▸ What is being asked
Only the lines from the one with "KiddyMoon Suchy basen" to the end of the data below should be given again, exactly, with both ends included and pictures omitted.

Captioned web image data
####

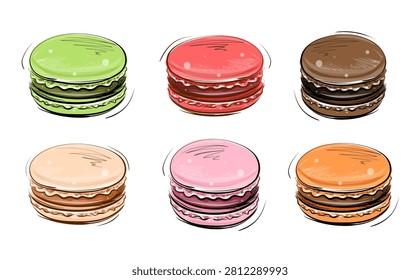 Set of colorful macaroons, vector graphics, sketched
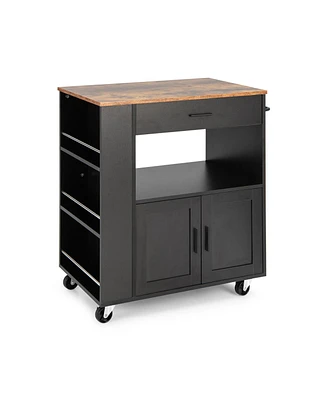 Slickblue Rolling Kitchen Trolley with 3 Spice Racks Drawer and Open Shelf-Black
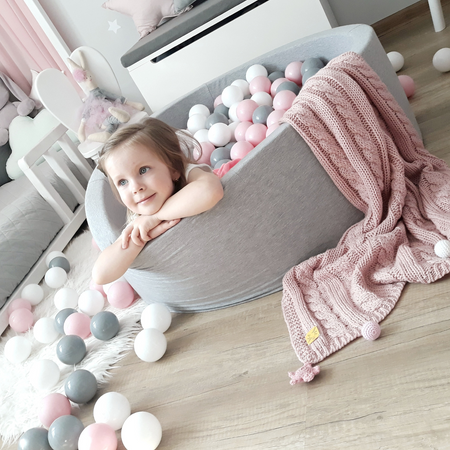 KiddyMoon Suchy basen okrągły z piłeczkami 7cm Zabawka basen piankowy, różowy: pudrowy róż-babyblue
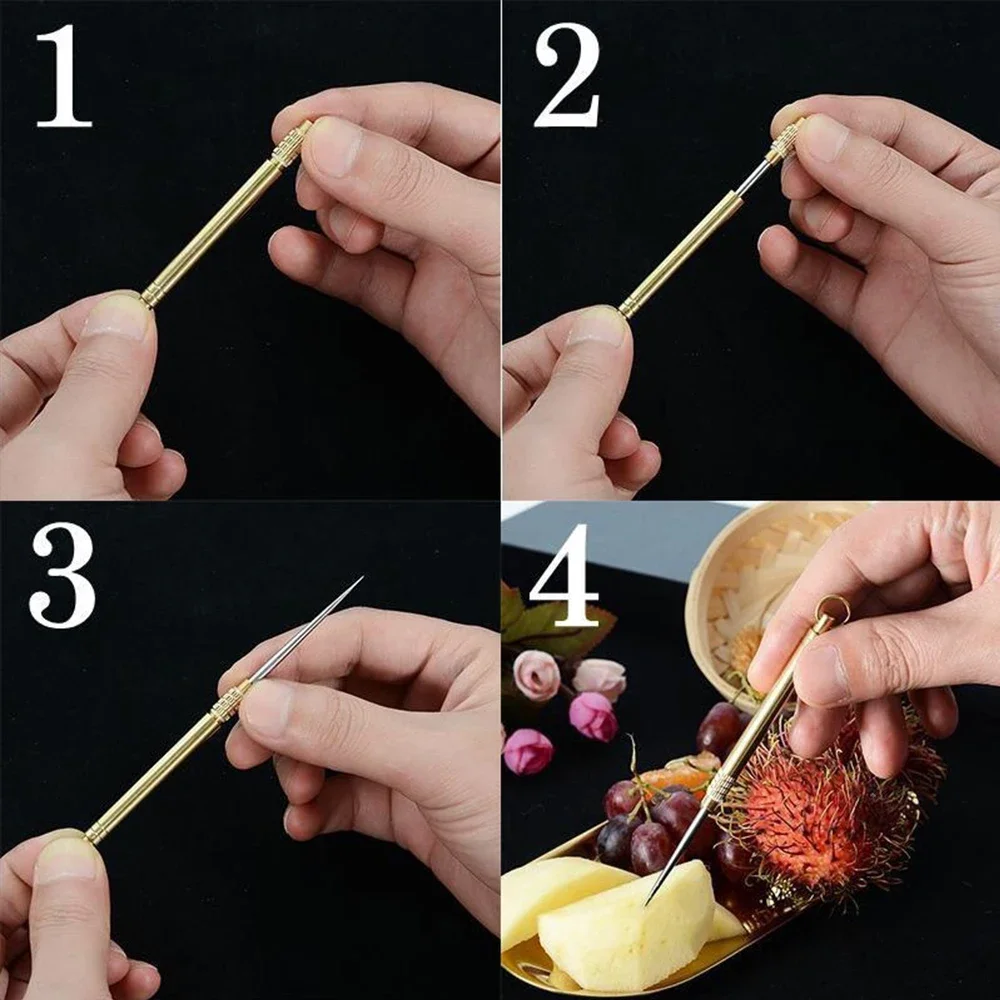 Portable Outdoor Tool Stainless Steel Toothpick Brass Creative Combination Stainless Steel Portable Toothpick Fruit Toothpick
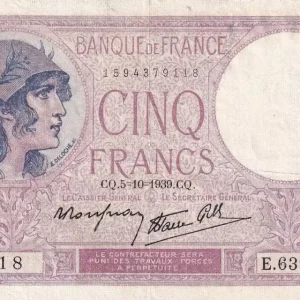Billet France 5 Francs - Violet - 05-10-1939 - Série E.63776 - F.04.11 Remise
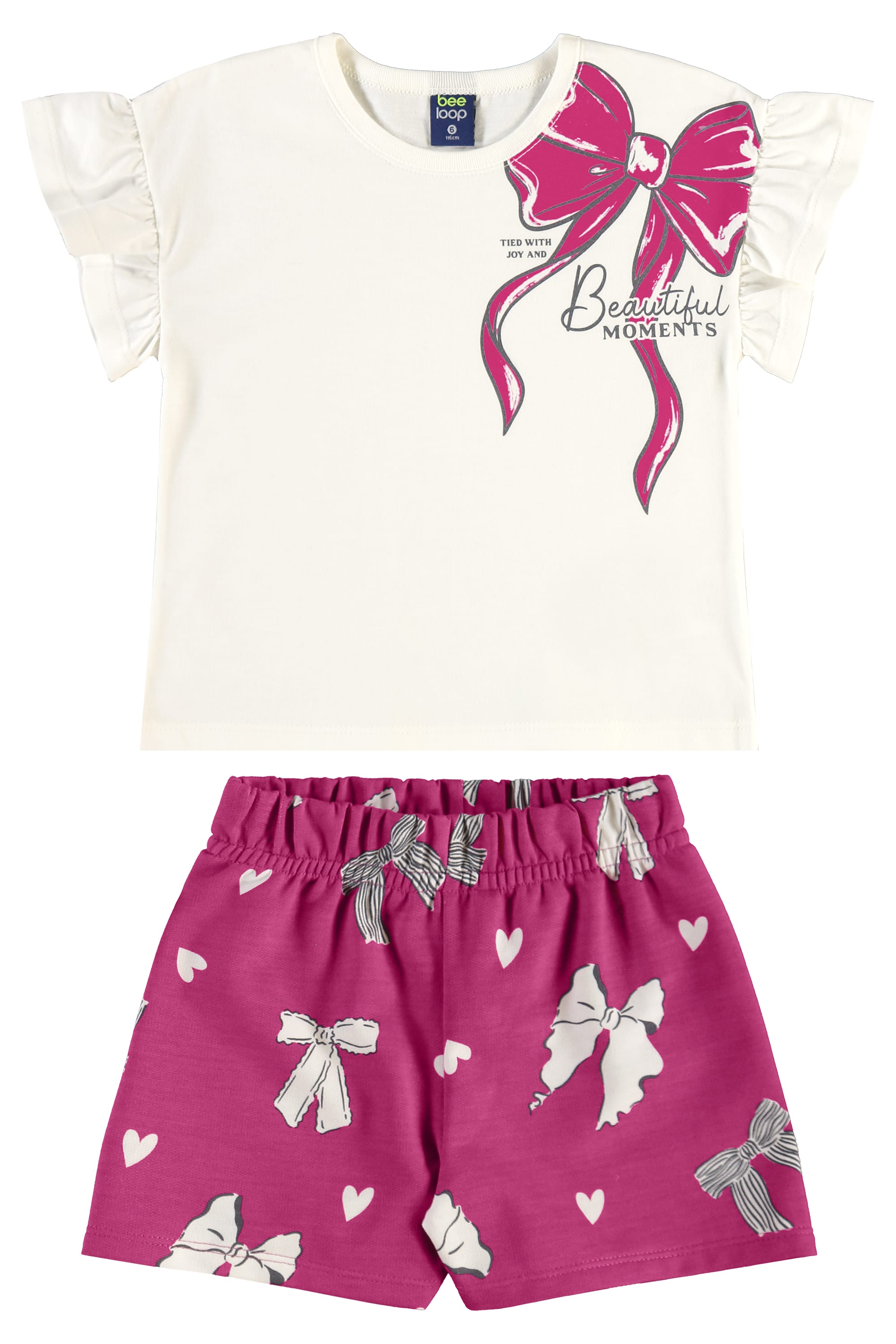 Conjunto Laços e Corações Infantil com Blusa e Short (Off White) Bee Loop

####

▸ Written reply
 KiddyMoon Suchy basen okrągły z piłeczkami 7cm Zabawka basen piankowy, różowy: pudrowy róż-babyblue
 Portable Outdoor Tool Stainless Steel Toothpick Brass Creative Combination Stainless Steel Portable Toothpick Fruit Toothpick
Billet France 5 Francs - Violet - 05-10-1939 - Série E.63776 - F.04.11 Remise
 Conjunto Laços e Corações Infantil com Blusa e Short (Off White) Bee Loop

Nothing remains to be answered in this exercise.